| Month | Ad Spend | A/Cs Created | Converted (Placed 1st Order) | Conversion Rate | Not Yet Converted | Naive CAC (same-month) | 50/50 Lagged CAC |
|---|---|---|---|---|---|---|---|
| January | $14,483 | 2,698 | 903 | 33.5% | 1,795 | $16.04 | — |
| February | $0 | 1,029 | 501 | 48.7% | 528 | $0.00 | $28.91* |
| March | $55,739 | 4,549 | 1,476 | 32.4% | 3,073 | $37.76 | $18.88 |
| April | $71,954 | 4,853 | 1,663 | 34.3% | 3,190 | $43.27 | $38.39 |
| May | $87,890 | 4,027 | 1,783 | 44.3% | 2,244 | $49.30 | $44.82 |
| June | $62,884 | 2,896 | 2,853 | 98.5% | 43 | $22.04 | $26.42 |
February had $0 in ad spend — yet 501 new customers made their first purchase. These customers were "bought" by January's $14,483 in ads and trickled in over the following weeks.
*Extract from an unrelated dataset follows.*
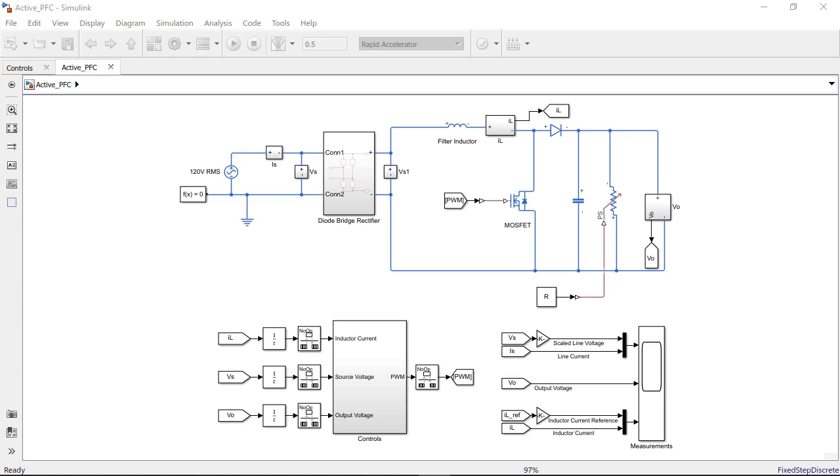Hello, in this video we will show how to design and simulate a digital control algorithm for power factor correction. Here we have modeled a typical active power factor correction setup using blocks from Simscape Electrical and Simulink.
If same-month attribution were accurate, February's CAC would be $0, which is nonsense.
These are accounts created during H1 that have not yet placed an order. Some will convert in July/August from ad spend already paid for. May's $87,890 bought 4,027 accounts — only 1,783 (44%) have converted so far. The remaining 2,244 are still in play.
From the May 1 customer sample: out of 250 accounts created around April 29–May 1, approximately 55% had placed at least one order with an average first-order value of ~$87. The remaining 45% were account-only creations (browsed, added to cart, or started checkout but didn't complete). These are the lag pool — they've shown intent and may convert later with no additional ad cost.
The naive same-month CAC swings from $16 to $49 are noise from attribution lag. The real cost to acquire a customer is $32.02 — every dollar of H1 spend divided by every new customer who showed up. Report this number, not the monthly swings.
10,873 accounts created but haven't purchased yet. These are free future conversions — no additional spend needed. May's cohort alone has 2,244 accounts still in play. A simple Shopify report showing "accounts created vs accounts that ordered, by creation month" would make this visible.
June's 98.5% conversion rate (2,896 created → 2,853 purchased) is not an error. June accounts are almost all immediate buyers — the lag pool dropped to just 43. This suggests June's traffic was lower-funnel (retargeting, email, organic) rather than cold prospecting. The ad spend cut from $88K to $63K trimmed the top-of-funnel fat.
Same-month CAC attribution creates wild swings ($16 → $49 → $22) that make marketing look erratic. May didn't suddenly become expensive — it was paying forward for June conversions. June didn't suddenly become cheap — May's spend was finishing its work.
1. Report blended H1 CAC ($32.02) as the headline metric.
2. Use 50/50 lagged CAC for monthly reporting ($26–45 range is more honest than $16–49).
3. Track the "lag pool" — 10,873 accounts waiting to convert are worth $950K+ in future revenue at average AOV.